If you are mentioned at all in post-game discussion, it is to curse you, and probably to lament the obvious deficiencies in your eyesight and your intelligence, and to hypothesize about what you may, or may not be, a son of.
Before that game, I’d always thought of myself as a pretty good ref. Two of my buddies, Johnny and Rob, had gotten me into the reffing business, assuring me that it was an easy ten bucks an hour, a princely salary for a high school student. This was back in the mid-nineties, when most kids were still working in canneries for gruel and hardtack, and if you could find any job at all, minimum and maximum wage were almost always the same.
Reffing sounded like a much better gig than my other job, busing tables at the local café, where I’d come home from weekend brunch shifts covered in so much syrup that I’d get accused of cheating on my girlfriend with Mrs. Butterworth.
Each Saturday, I’d ref two games, bringing home $20 and promptly wasting it at the record store, which was a place that used to exist where people could purchase music, before it became free on the Internet. These days, teenagers can spend their discretionary incomes on more important items, like text messages and haircuts that make it look like they haven’t gotten haircuts.
Most of the time, the games went smoothly. Hardly anyone told me to go back to Foot Locker, or offered to drive me to Pearl Vision after the game.
But one Saturday, Rob and I got paired to call a fateful game in the boys’ league. I’m not exactly sure what their ages were, but I’d guess they were the same ages as the kids from Lord of the Flies.

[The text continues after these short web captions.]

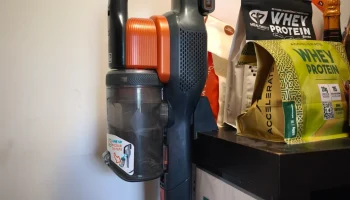 Держатель/подставка для пылесоса (Black n Decker)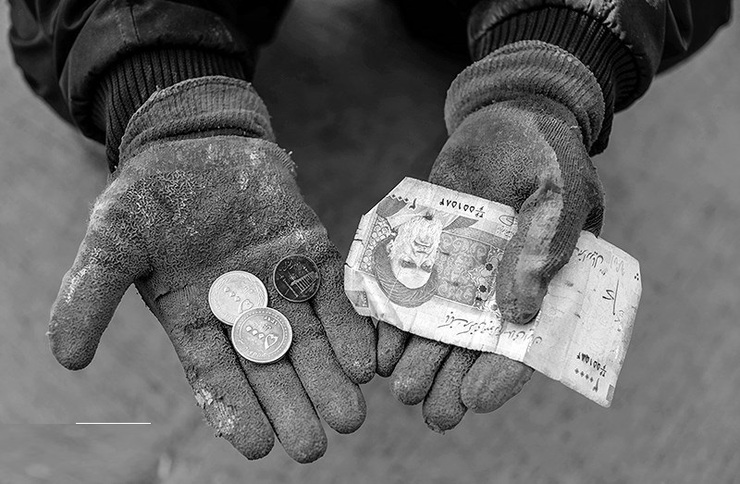 مردم ایران صدقه و هبه نمیخواهند، حقشان را میخواهند مردم ایران صدقه و هبه نمیخواهند، حقشان را میخواهند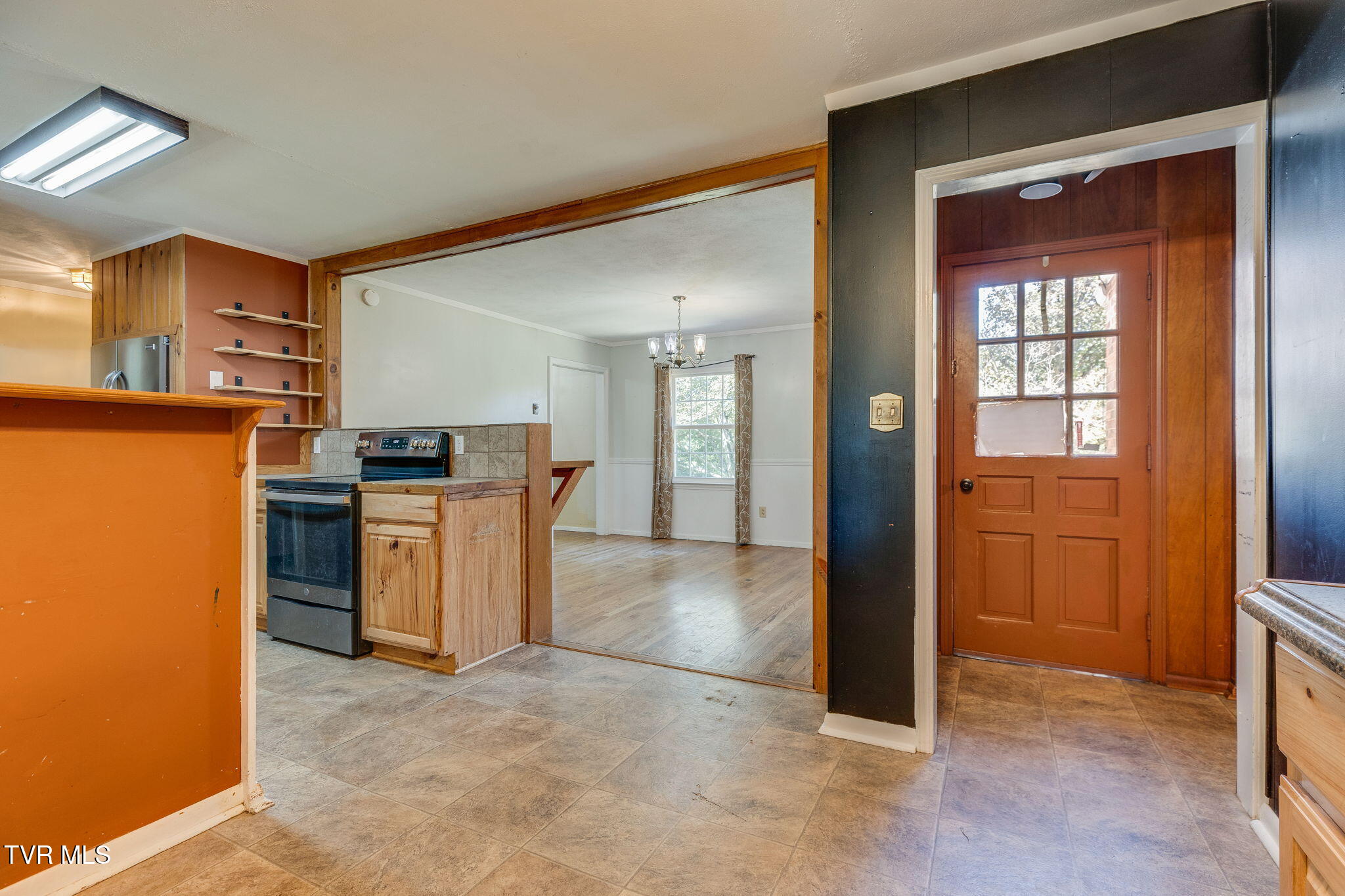 140 Gov Alf Taylor Road Johnson City, TN 37601 - Photo 7 of 49 008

In the second quarter, things started getting out of hand. In the span of two minutes, we called three shooting fouls against the same kid. And then The Foul happened. Or didn’t happen, since I didn’t call it.
Just as one kid was putting the ball up to shoot, the kid with the three fouls swung his arm out and karate chopped the shooter’s arms.

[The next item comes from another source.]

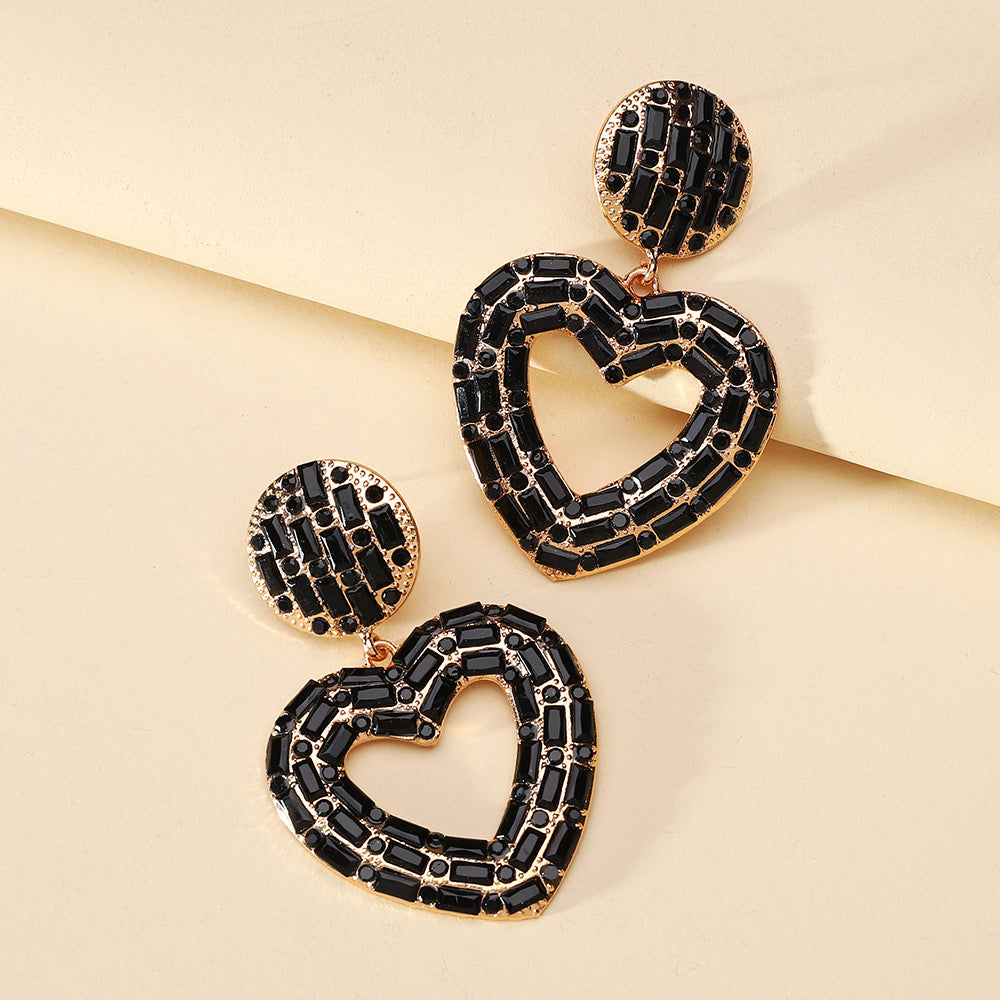 E7216 Aretes corazón negro brillante elegante de fiesta aleacion 5cm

“Wow!” I thought. “That kid just got clobbered!”
The ball slowly dribbled out of bounds as the players stared at it, waiting for a whistle to blow. I’d gotten so caught up in watching that I hadn’t called anything, and then it was too late.
I met Rob at half court to confer.
“Dude, did you see that?” I asked.
“No, that was your call down there,” he said.

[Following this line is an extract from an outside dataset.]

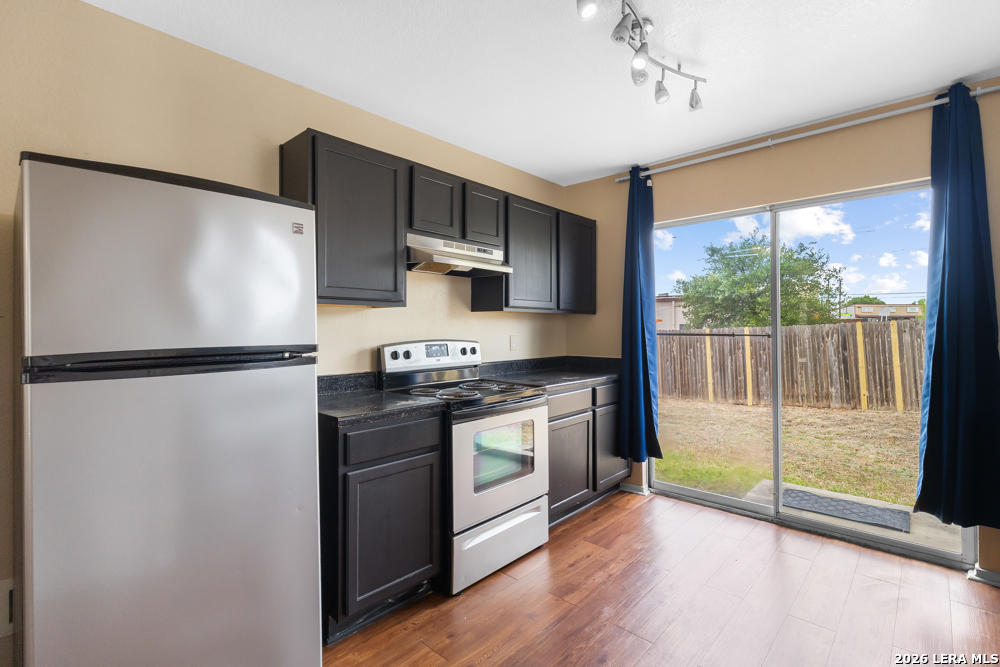 8304 Heights Valley Converse, TX 78109 - Photo 7 of 23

Rob’s attitude toward reffing was rather casual. He always wore a whistle, but I’m not sure it actually worked. Whenever I asked him why he didn’t call any fouls, his answer was, “You gotta let the kids play, man.”
But he was right, this call was mine. I should have admitted my mistake, called the foul late and moved on. Instead, I just pretended it didn’t happen, a decision that led to the red-faced coach hollering at me a few minutes later. The kids, noting a certain lack of officiating, had begun descending into savagery.
I met the coach on the sidelines and apologized. In the end, nobody got maimed or squashed by a boulder, but I did learn an important lesson: there are worse things to be than covered in syrup.